The richer the context you give, the more accurate the output. Documentation is not optional polish. It is how the agent disambiguates intent.
What you get back
When the scan completes, the dashboard surfaces five things.
- A severity-ranked list of findings. Each finding has a title, description, exploit path, and a code snippet.
- A code summary and an architecture diagram, generated from the contracts you submitted.
- A set of invariants the agent inferred. You can refine these and reuse them for fuzzing or formal verification.
- A security score on a 0 to 100 scale, weighted by severity, detector confidence, and code quality.
- An AI Chat interface per finding. You get 10 free chat credits per 500 BLoC for follow-up questions and remediation discussion.
You also receive an email with the audit report PDF attached as soon as the scan finishes, so you do not need to keep the dashboard open.
Persistent Memory
For projects you scan repeatedly, AuditAgent can hold a per-project knowledge base that captures architecture, invariants, hypotheses, contradictions, and excluded findings. Each subsequent scan builds on this accumulated context instead of starting from scratch, which reduces false positives and surfaces more meaningful findings.
Persistent Memory is available on Pro, Business, and Custom plans. See Persistent Memory for what it captures, how to initialise it, and how to review proposed updates.
Two scan tiers
The same pipeline runs at two compute budgets.
| Developer Scan | Auditor Scan | |
|---|---|---|
| Price | $0.02 per BLoC | $0.1 per BLoC |
| Compute | 1x | 5x |
| Scan time | Up to 1 hour | Up to 5 hours |
| AI models | Lightweight | Most expensive |
| Internet search | ❌ | ✅ |
| Multi-Agent System | ❌ | ✅ |
| Attacker Model | ❌ | ✅ |
The Auditor Scan adds three pipeline extras (Multi-Agent System, Attacker Model, and Internet Search) that give it materially higher recall on harder findings. See What runs during a scan for what each one does, or Scan Pricing for the full per-tier breakdown.

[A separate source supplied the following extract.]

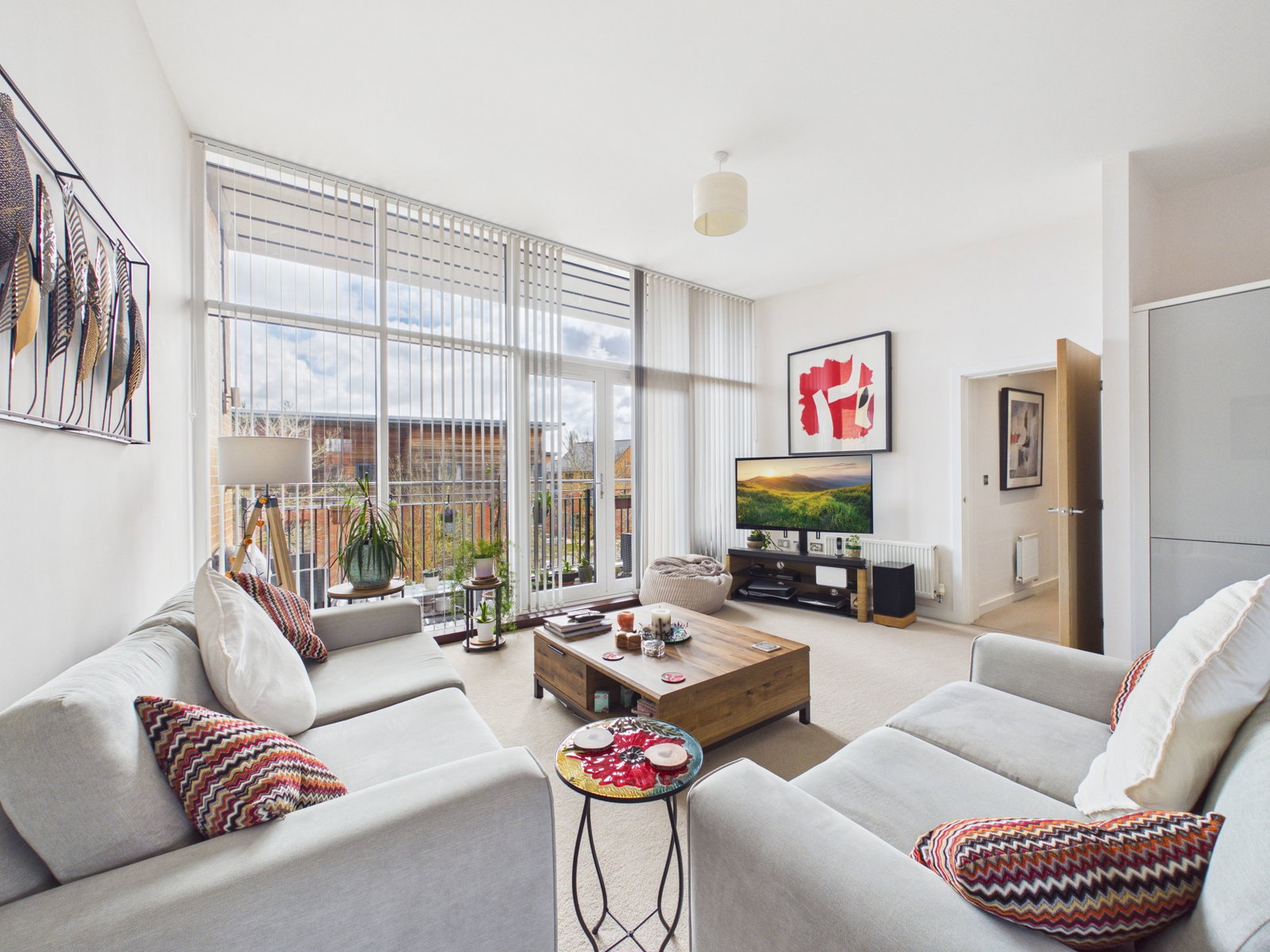 Apartment in Worcester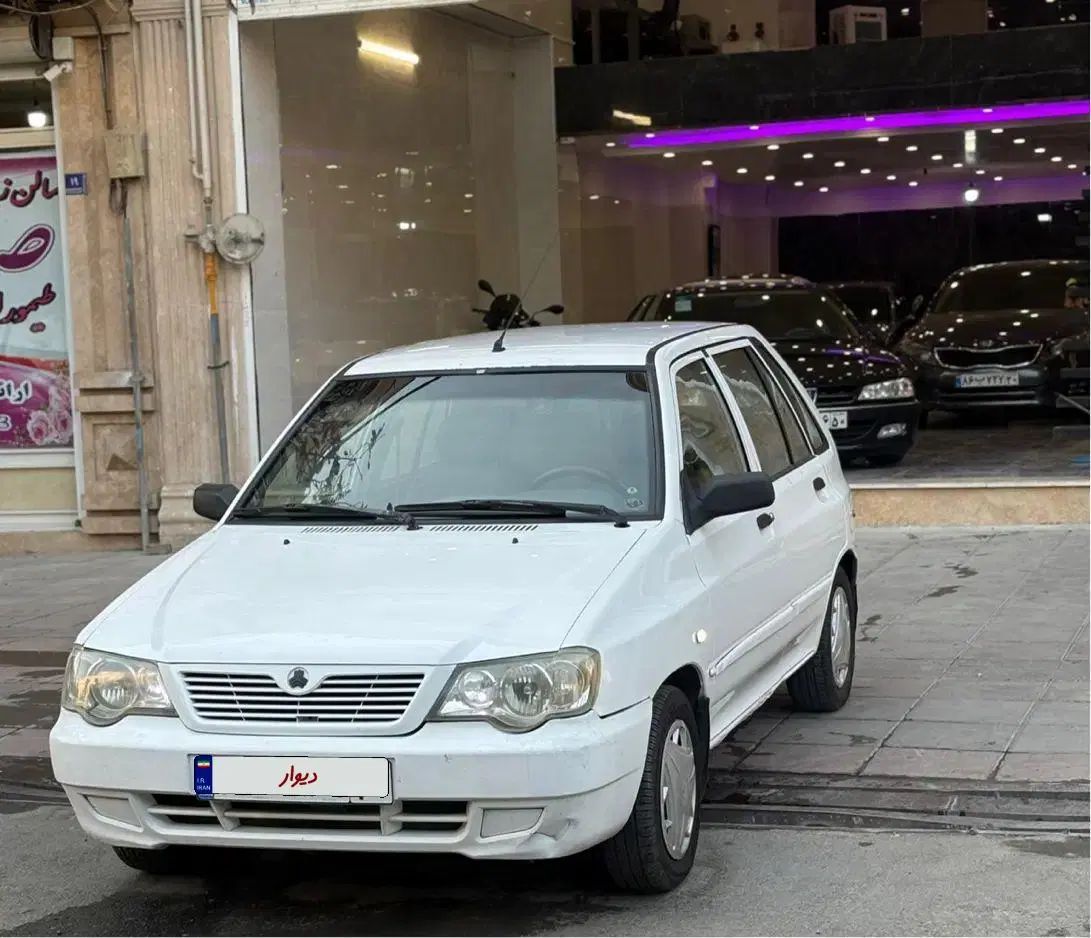 پراید 111 SX - 1389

A pair auditor, not a replacement
We do not claim AuditAgent replaces a skilled human reviewer. The tool struggles with complex multi-contract, multi-call exploits where different state variables need to be tracked in depth across many transactions. It produces false positives that a human needs to filter, but should nonetheless be considered for the system integrity (checklist). Even with EVMBench's 67% recall, roughly a third of the known high-severity issues still get missed.
Think of AuditAgent as a pair auditor, a fast and structured second pass that catches what humans miss and frees the human to focus on the parts that need real judgement. Nethermind Security uses it exactly this way.
What AuditAgent does not catch
- Complex exploits that require deep familiarity with the protocol's economic model.
- Vulnerabilities outside the contract layer, such as frontends, deployment scripts, or off-chain infrastructure.
- Anything you exclude from scope at scan time.
LLMs hallucinate. Review every finding before you act on it.